Comment by Jane of MI
Everyone seems to forget a hidden cost here. All clocks, timers, VCRs, and newer devices with timers and our very computers require a huge amount of extra programming to tend to this problem. Lines and lines of extra code are needed to make our devices work, adding to the cost of everything that depends on the time of day to operate properly. Plus, changing timing devices is an annoying and likely costly thing too, twice a year. How many man hours does this cost a year throughout businesses and homes?
Comment by Robin Hall of TN
I happen to like the daylight saving time. Time is time. You don't have to wait until 2 a.m. to set the clock back; set it back at 9 p.m. and go to bed at the regular time and you will get the same amount of sleep. But it's nice to have extra daylight. That is time some people can spend with their children doing outside activities and you can also get some things done around the house after work.
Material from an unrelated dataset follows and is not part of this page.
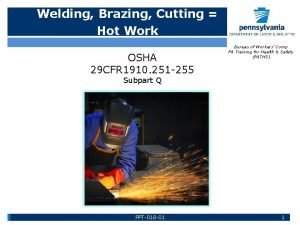 Welding Brazing Cutting Hot Work OSHA 29 CFR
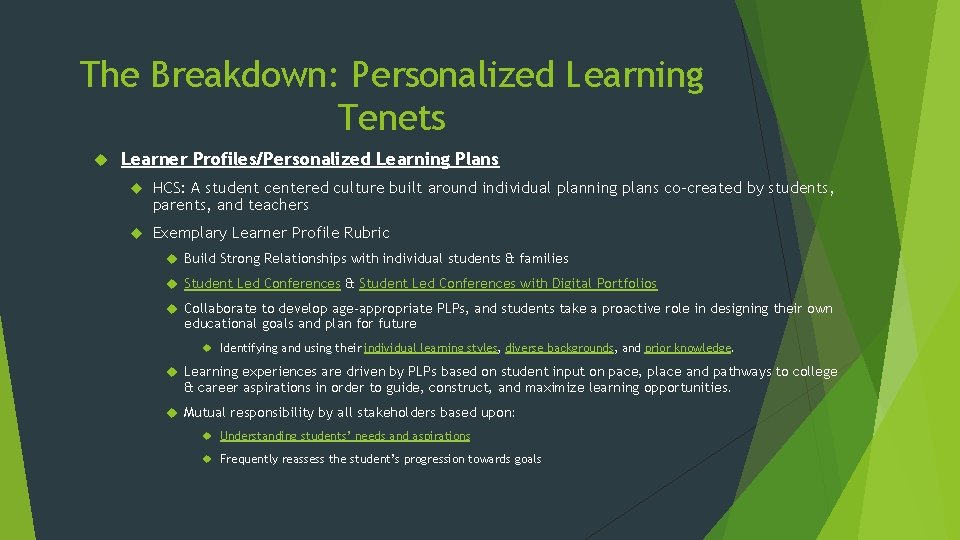 The Breakdown: Personalized Learning Tenets Learner Profiles/Personalized Learning Plans HCS: A student centered culture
There are a lot of good things you can do with this time that can be well spent—so just take advantage of it and enjoy it.
Comment by Jerry Barbee of NC
Changing clocks by one hour twice per year is one of the stupidest things practiced in the United States and in a large number of other countries. Hooray for Kazakhstan, India, and Arizona, who have chosen to not participate in this folly. It used to be more manageable back when clocks were easy to reset. Now, given the huge number of digital clocks, all with different control software, it is almost impossible to reset all clocks. So I have some clocks reset and not others, leading to confusion, missed appointments, etc. What is the true societal cost of this folly—including the time it takes to reset clocks?